A successful machine learning project team usually needs to have at least all these skills to a greater or lesser extent.
There are different configurations to achieve this and there is no single recipe for success — it depends more on the size and timing of each project.
As a side comment, in the following scenarios that I am going to share, I take for granted that there is a management layer already developed that can exercise the role of Project Manager. As such, it would take on a leading role in communicating with and updating sponsors and guiding collaborators in their career plans, objectives and feedback. It would also put together work dynamics to help prioritize and assign tasks correctly, detect dependencies and bottlenecks and offer other support tasks necessary for the development of the project.

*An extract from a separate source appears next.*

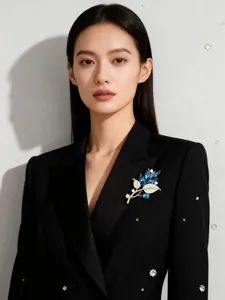 Elegante blaue Blattbrosche mit Kristallakzenten auf einem schwarzen Blazer-Jackett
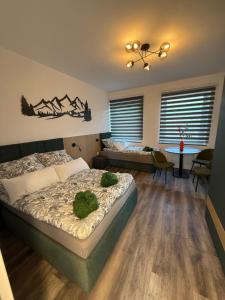 a bedroom with a bed and a table and chairs at Studio-Apartament 101 free Parking Domus Kushal in Viersen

Some working scenarios I’ve seen:
Small project or Proof of Concept (POC):
- 1 DS or Backend or or MLE or BA with Machine Learning courses (the data unicorn).

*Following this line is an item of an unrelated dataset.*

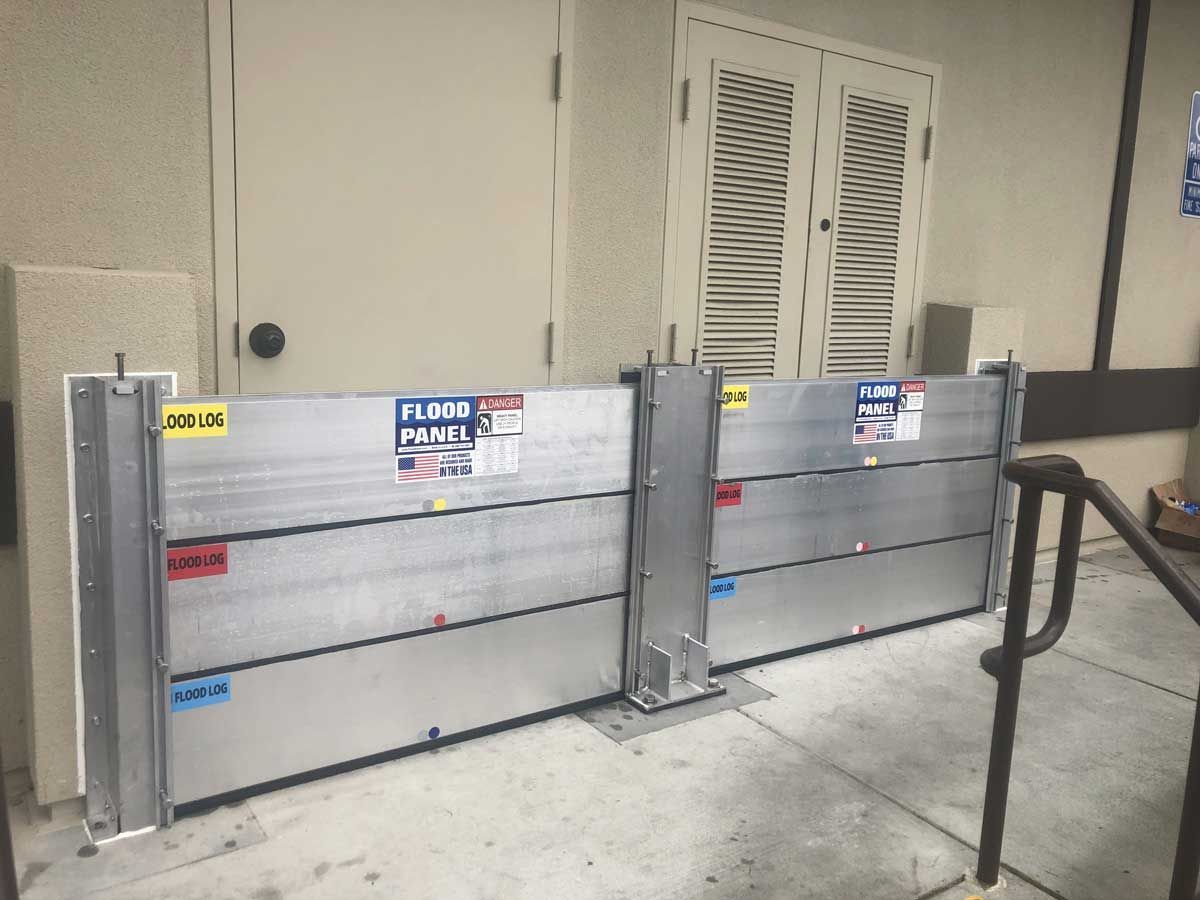 A pair of flood barriers are sitting outside of a building.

- They do whatever it takes to build a proof of concept and bring it into production even if it is “wired”.
- If the project is successful and grows, tougher engineering profiles are added.
- At that point, it may be that the organizationally “natural” thing to do is for the DS to take on leadership of the project. Yet, that may not always be aligned with their career objectives. Maybe they are interested in moving across projects setting up POCs and training those who will later be in charge, but not directly leading the project.
Small or medium project:
- 1 BA + 1 DS + 1 MLE or Backend Engineer
- The DS defines the problem, models, generates tests and shares metrics. They work jointly with a BA who has a better understanding of the problem.
- Backend plugs in everything you need to be in production.
Medium or large project:
- 1 BA + 1 DS + 1 MLE + 1 DE
- The DS defines the problem, models, generates tests and shares metrics. They work jointly with a BA who has a better understanding of the problem.
- The Data Engineer focuses on how to achieve a sustainable governance of the data necessary to solve the problem and advises the DS on tradeoffs.
- The ML engineer helps the DS to automate the retraction of the model and ensure its real time monitoring, also plugs in everything you need to be in production.
Large project:
- 1 BA + 1 DS + 1 MLE + 2 DE
- As the project grows, the bottleneck is usually more related to the data pipeline than to modeling. Adding people to that part of the problem is usually a good decision.
Some settings I saw fail:
Small or medium project:
- 1 DS + 1 BE (without any BA that supports and helps).
- In general and especially in the early stages, having full business analysts assigned to the initiative is necessary for success so as to ensure that you are solving the correct problem.
Medium or large project:
- 2 BA + 4 DS + 1 MLE + 1 DE
- Adding more DS usually creates a rapid bottleneck in the ability to productize these new tests and ideas, causing DSs to have to either resign themselves to not seeing quick impact, or to have to step out of their desired role to build a backend.
Large Project:
- 1 BA + 2 DS + 2 MLE
- Not including experts who work on the data pipeline will generate sustainability problems in the medium term.
Let’s illustrate this point. I have been involved in credit card fraud prevention projects where rapid impact is highly prioritized due to the changing dynamics and importance of the project for business metrics. As a result, there were many data scientists working on different models making headway on many fronts in parallel. This revealed shortcomings in the data pipeline turning it into a bottleneck for all projects. The trend was reversed by adding more DE and MLE efforts to the solution, ultimately empowering the data scientists and accelerating their impact on the business.